Ferit Zekolli

Sigal Prishtina
- Position: Vice-president
- League: Kosovo Superleague

Personal information
- Born: 19 February 1951 (age 75) Maxhunaj, Vushtrri, Yugoslavia
- Listed height: 6 ft 11 in (2.11 m)

Career information
- NBA draft: 1973: undrafted
- Playing career: 1970–1990

Career history

Playing
- 1970–1972: Trepça
- 1972–1975: Elektrokosova
- 1975: Metalac
- 1975–1977: Elektrokosova
- 1977–1978: Zadar
- 1978–1982: Prishtina
- 1982–1986: Trepça

Coaching
- 1992–1993: Trepça

Career highlights
- As head coach Kosovo Superleague (1993) champion;

= Ferit Zekolli =

Kosovan basketball player

Ferit Zekolli (born 19 February 1951) is a Kosovan former professional basketball player who played as a center. He is considered to be one of the best Albanian basketball players during his time.

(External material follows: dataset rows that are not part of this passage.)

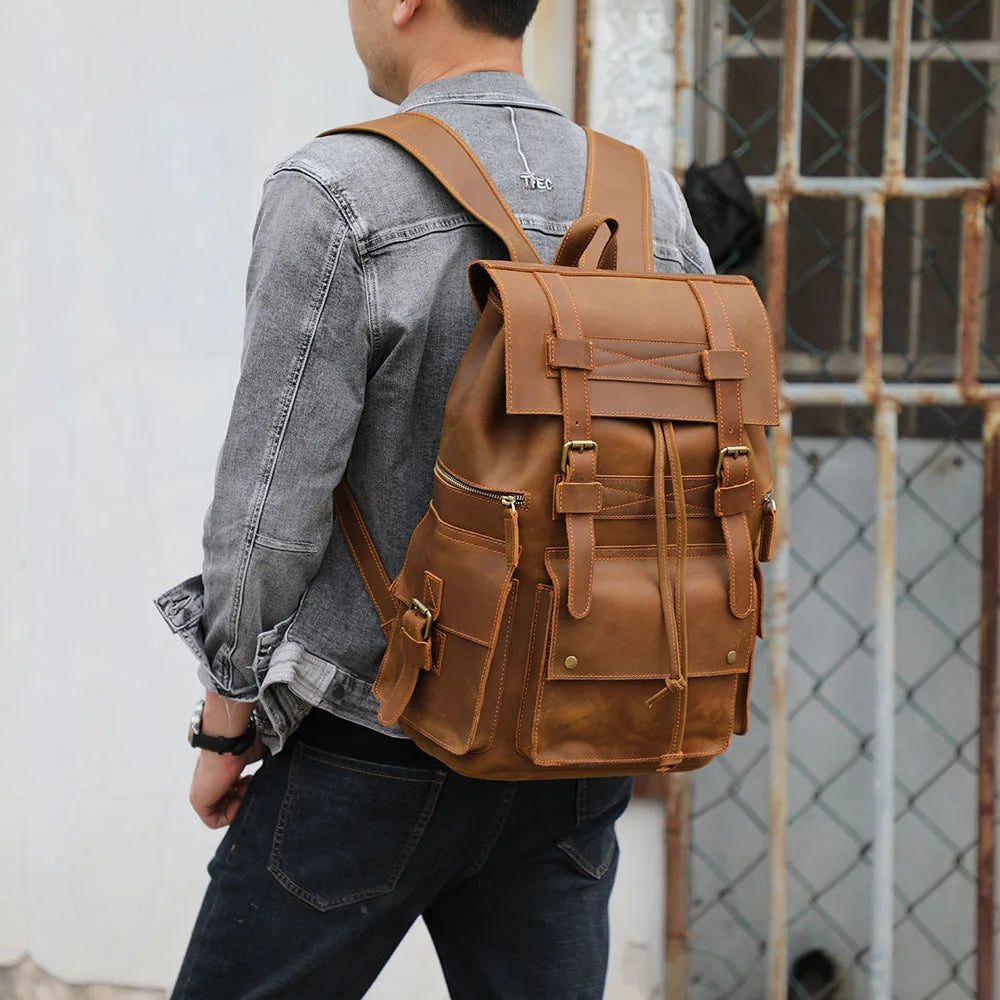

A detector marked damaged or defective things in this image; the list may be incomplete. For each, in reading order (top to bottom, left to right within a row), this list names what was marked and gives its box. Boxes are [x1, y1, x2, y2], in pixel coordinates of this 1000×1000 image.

rusty metal bar [776, 0, 808, 188]
rusty metal bar [888, 0, 916, 190]
rusty metal bar [860, 194, 884, 390]
rusty metal bar [956, 197, 988, 392]
rusty metal bar [768, 406, 792, 1000]
rusty metal bar [876, 398, 900, 1000]
rusty metal bar [976, 402, 1000, 1000]
rusty metal bar [668, 772, 692, 1000]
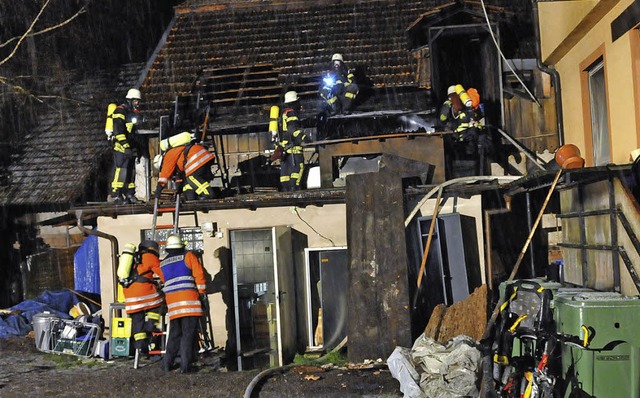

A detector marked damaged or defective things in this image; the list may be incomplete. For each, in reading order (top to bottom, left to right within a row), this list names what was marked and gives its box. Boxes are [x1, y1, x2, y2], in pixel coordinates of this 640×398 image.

damaged roof [0, 63, 144, 208]
damaged roof [139, 0, 520, 134]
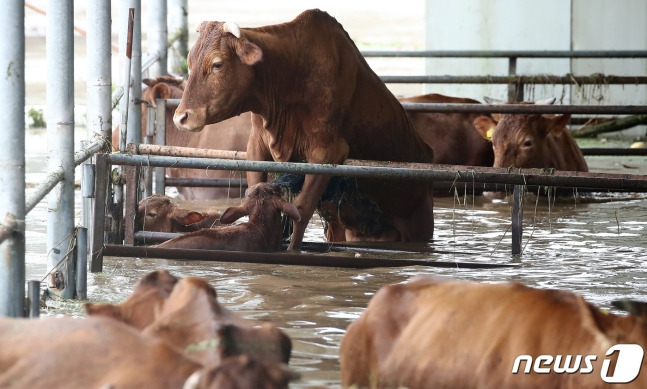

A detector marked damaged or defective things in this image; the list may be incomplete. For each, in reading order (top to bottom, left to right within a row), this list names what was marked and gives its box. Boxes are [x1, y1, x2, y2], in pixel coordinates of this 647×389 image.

rusty metal bar [104, 244, 520, 268]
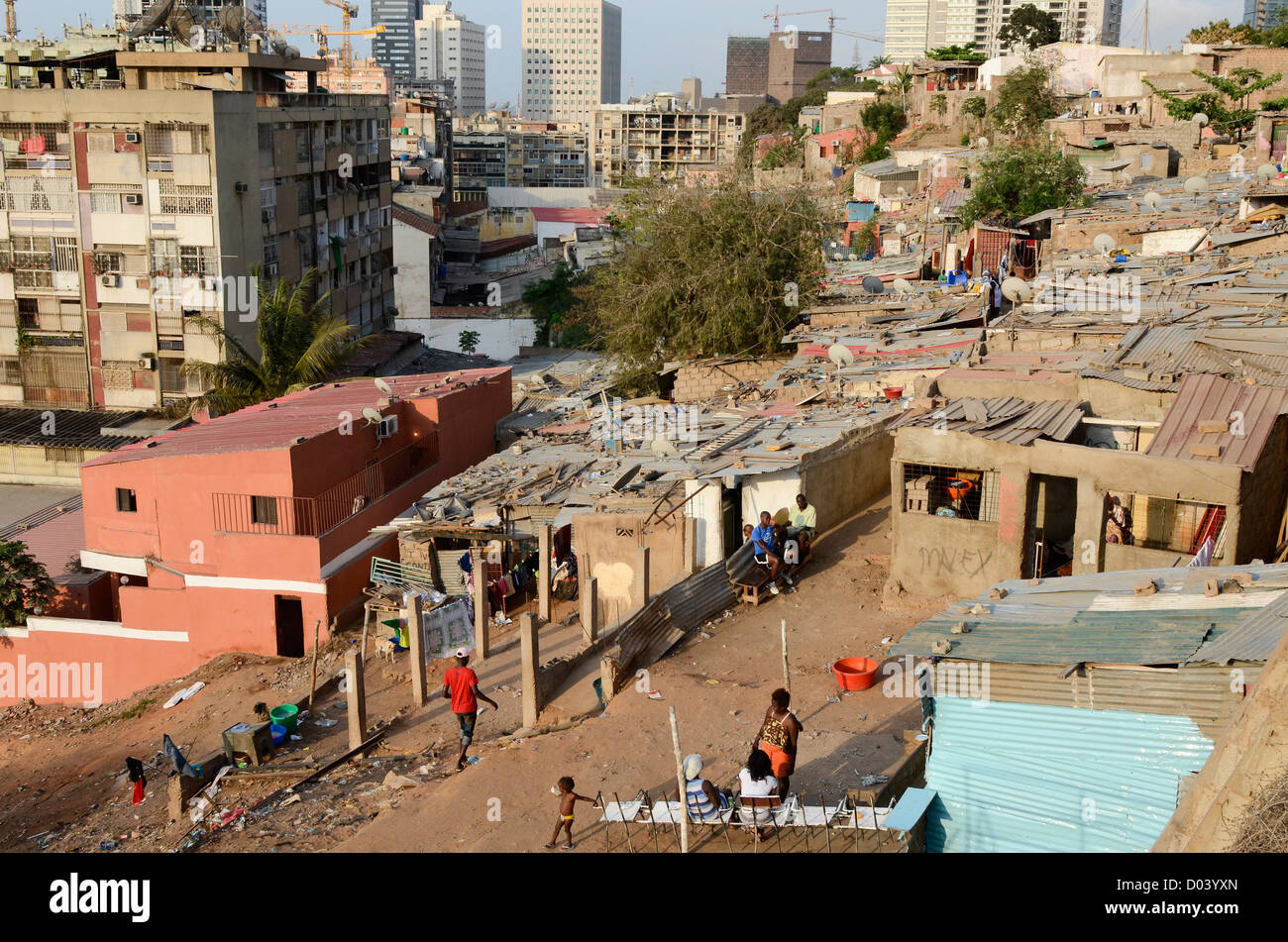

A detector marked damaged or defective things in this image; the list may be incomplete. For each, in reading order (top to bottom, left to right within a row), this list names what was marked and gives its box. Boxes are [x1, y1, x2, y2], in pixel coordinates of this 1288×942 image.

rusty metal sheet roof [1148, 370, 1288, 468]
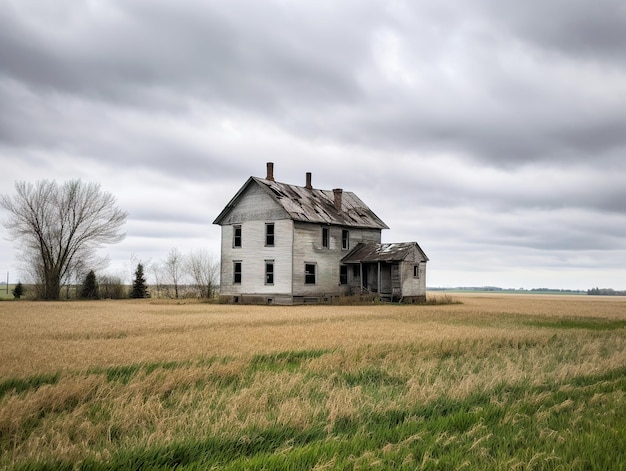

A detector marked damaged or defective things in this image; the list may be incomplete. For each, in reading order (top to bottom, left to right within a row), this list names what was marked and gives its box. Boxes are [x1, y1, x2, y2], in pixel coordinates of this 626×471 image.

rusted metal roof [216, 176, 390, 230]
rusted metal roof [338, 243, 426, 266]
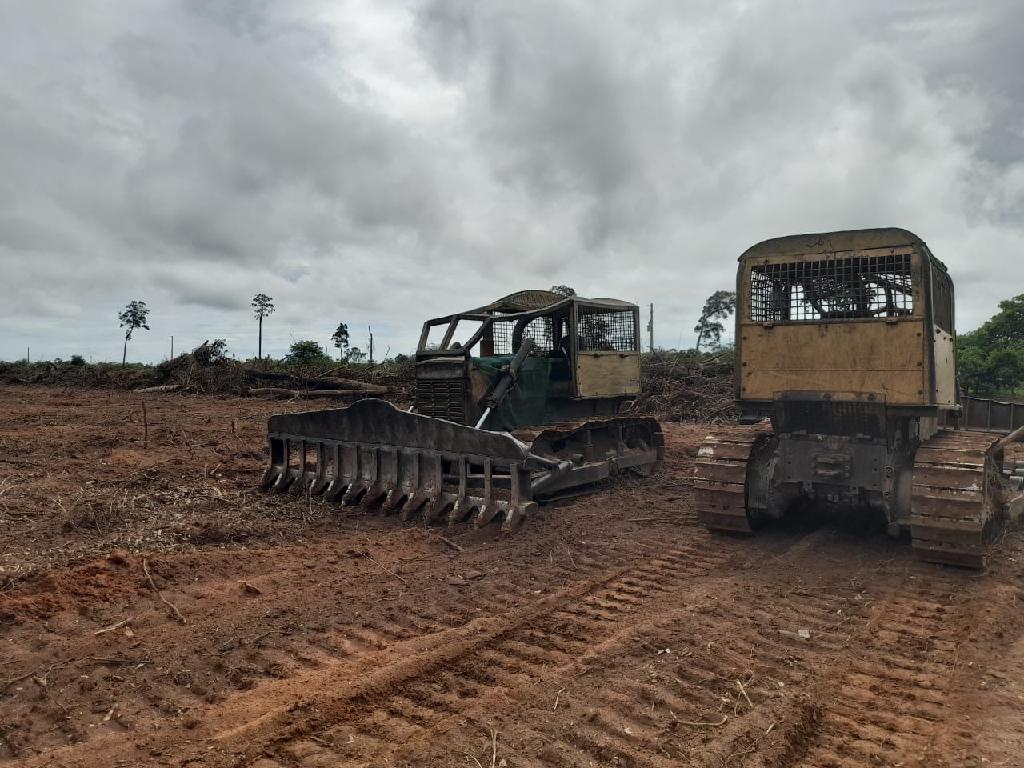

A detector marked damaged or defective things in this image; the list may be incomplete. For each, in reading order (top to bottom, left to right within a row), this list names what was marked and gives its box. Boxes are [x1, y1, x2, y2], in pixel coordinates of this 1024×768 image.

Since 2021, he is the vice-president of Prishtina.

== Early life==
Zekolli was born in Maxhunaj, a village located in the municipality of Vushtrri, to ethnic Albanian parents. He finished his school in Mitrovicë where he started playing basketball for the first time.

== Career ==
===Trepça===
Zekolli started his professional career in 1970 with Trepça where he played until 1972.

===Zadar===
In 1977–78, Zekolli played for Zadar. He had to leave after just one season due to an injury.

==Coaching career==
He was the head coach of Trepça in the 1992–93 season when Trepça won the first Superleague title.

==Politics ==
In 2017, Zekolli became a member of the political party Vetëvendosje.